Dissoluzione di sali insolubili per complessazione: esempi svolti

La dissoluzione dei sali insolubili può essere ottenuta agendo sul pH o tramite la formazione di complessi, a seconda del tipo di sale. Un esempio di ciò è la dissoluzione del cloruro di argento attraverso l’ammoniaca, che porta alla formazione del complesso diamminoargento.

Alcuni sali poco solubili possono essere resi solubili grazie alla formazione di complessi con cationi, rendendo possibile la loro dissoluzione. Questo avviene quando la costante di formazione del complesso è tale che la concentrazione dell’ione metallico non complessato non supera il prodotto di solubilità.

Un esempio pratico di questo processo si ritrova nel fissaggio della pellicola fotografica, in cui il tiosolfato di sodio forma un complesso solubile con il bromuro di argento residue, consentendone la rimozione mediante lavaggi. In questo contesto, la formazione del complesso solubile con il tiosolfato consente la dissoluzione del bromuro di argento, rendendolo più conveniente per l’uso nella fase di fissaggio.

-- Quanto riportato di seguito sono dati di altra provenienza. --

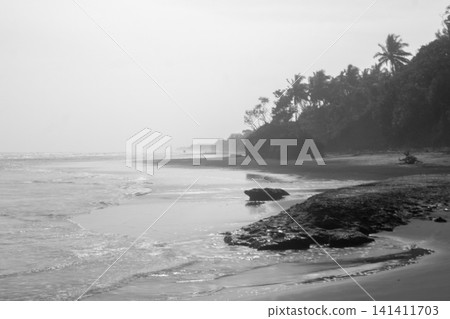 Aerial view of coastal rock formations rising from the sea with crashing waves and sandy beach in Indonesia Aerial view of coastal rock formations rising from the sea with crashing waves and sandy beach in Indonesia 141411703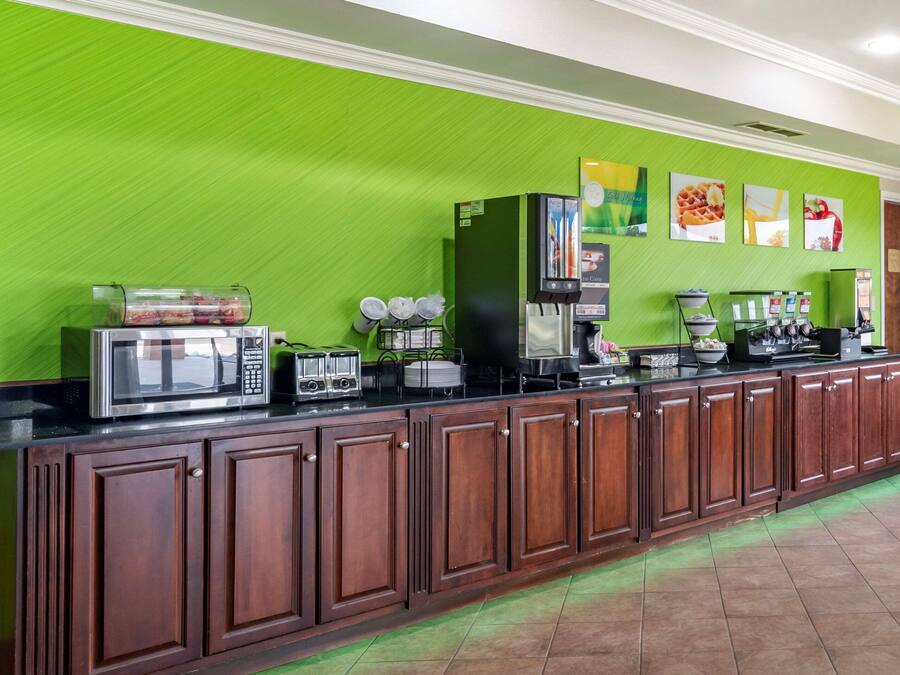 Una larga encimera con una cafetera, microondas y diferentes recipientes de comida.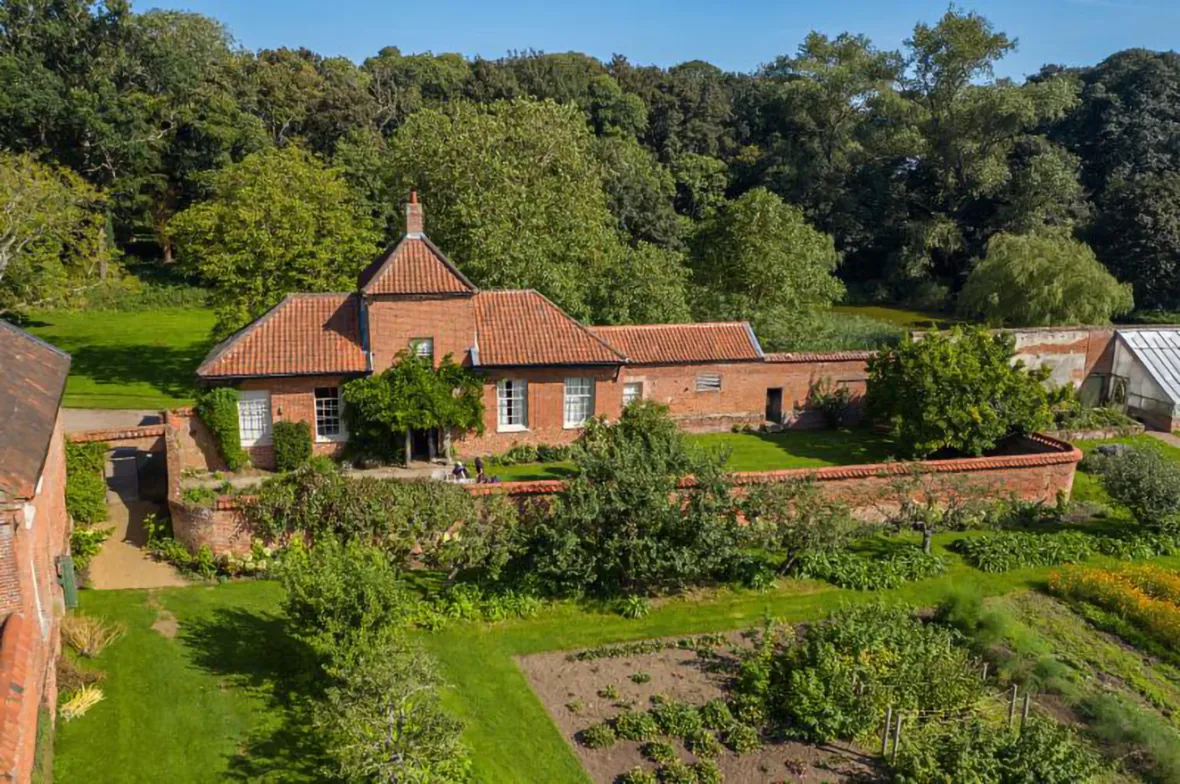 The Garden House at Wolterton, a brick house with an enclosed garden and surrounding woodlands.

Nell’equilibrio di dissoluzione del bromuro di argento in acqua, le concentrazioni di ioni argento e bromuro sono uguali. Inoltre, la solubilità molare di AgBr è determinata come 5.0 ∙ 10-13, e la concentrazione di ione argento si trova interamente nella forma complessata Ag(S2O3)3-, in una soluzione di tiosolfato. Utilizzando queste informazioni nell’espressione di K, si calcola che in 1 litro di soluzione di tiosolfato 1.0 M si sciolgono 0.44 moli di AgBr, confermando l’utilità del tiosolfato nella fase di fissaggio.

In sintesi, la formazione di complessi solubili può essere un meccanismo efficace per la dissoluzione dei sali insolubili, come dimostrato nel processo di fissaggio della pellicola fotografica.